Pain during Ovulation
Ovulation pain is the aching or discomfort experienced by some women when they are ovulating. This kind of pain is also referred to as Mittelschmerz, a German term that means “middle pain”. A number of women suffer from this type of abdominal pain during ovulation which takes place approximately two weeks before menstruation or midway through the menstrual cycle. The level of ovulation pain experienced by women ranges from slight to very intense. Minor pain does not require medical attention as home remedies or simple pain relievers are sufficient to ease the discomfort. However, if it is severe or impedes the woman from doing her regular activities, drugs or contraceptives may be prescribed.
What is Ovulation?
Ovulation is that time of the month when the woman’s ovary releases an egg for fertilization. For those with regular menstrual cycles, this happens somewhere between the 12th and 14th day or midway of an average 28-day cycle. When the ovary lets loose a mature egg, it will travel through the fallopian tube. The wall of the uterus, meanwhile, thickens in preparation for the possible fertilization of the egg. If conception doesn’t take place, menstruation will occur wherein the unfertilized egg as well as the uterine lining will be discharged from the body.
What are the Causes of Ovulation Pain?
Not all women suffer from abdominal pain when they are ovulating. In fact, only around half of the female population experiences any kind of discomfort or cramping during ovulation. Though the exact reason behind Mittelschmerz is not proven, a few theories abound to try to explain why this kind of pain occurs.
During ovulation, the follicle which contains an ovum will enlarge as the ovum matures. This enlargement of the follicle stretches the ovary’s membrane thereby resulting in a painful sensation.
Bursting of the follicle
When the matured egg is released from the ovary, the follicle containing it ruptures and bleeds. The fluids and blood are believed to cause irritation to the abdominal wall which brings forth discomfort.
Contraction of the fallopian tubes
Pain and discomfort may arise when the fallopian tube contracts as the ovum is released from the ovary.
Underlying health problems
There are a number of medical conditions that could contribute to or trigger ovulation pain. This could be the case especially if the abdominal pain is really intense or prolonged. Some of these health issues are chronic pelvic inflammatory disease, ectopic pregnancy, endometriosis, ovarian cysts, salpingitis, polycystic ovary syndrome, ovarian fibroids or appendicitis. Certain gastrointestinal problems could also worsen or be confused with painful ovulation. These include gastroenteritis, ulcer and inflammatory bowel disease.

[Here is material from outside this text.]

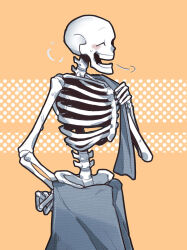 papyrus (undertale) from undertale by veah3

What are the Symptoms of Ovulation Pain?
The discomfort felt during ovulation varies significantly between each woman. For one, the pain may last for a few minutes only for some women, whereas others may suffer from it for hours or even as long as 2 days. The pain originates from one side of the lower abdomen, depending on which ovary produced the ovum. This could differ between ovulation periods since either of the ovaries could generate the mature egg in each cycle. The intensity of the pain and the kind of discomfort likewise differs from woman to woman. Some are lucky to only feel a slight discomfort that goes away on its own or with the aid of over the counter pain relievers. Others, on the other hand, are not as fortunate as they have to deal with sharp pain and severe cramping.
What are the Treatment and Management Methods of Ovulation Pain?
Management of pain during ovulation is based on the kind of discomfort experienced. For many cases, the pain will resolve itself in a few hours so there is not much that needs to be done. Some women make use of over the counter pain medications to address the pain. Rest, use of warm compress on the painful side as well as a warm bath can help in alleviating the discomfort of ovulation. For those who have severely painful ovulation, the doctor may prescribe oral contraceptives to prevent the woman from ovulating, and hence, stop mittelschmerz.
When should Ovulation Pain be a Cause of Concern?
Not all women suffer from painful ovulation, and of those who do, many handle it pretty well. However, if the abdominal pain or discomfort is so intense that it hinders the woman from doing her day-to-day activities she should see her OB-Gyne. In addition, she should consult her doctor if the ovulation pain is accompanied by other symptoms, such as:
Abdominal pain that continues for more than 3 days
Pain during urination
Redness at the area of the pain
Abnormal discharge or heavy bleeding
The doctor will have to evaluate the patient’s medical history and assess the symptoms. He or she may also require additional tests and diagnostic procedures to determine the underlying cause of ovulation pain so the appropriate treatment can commence.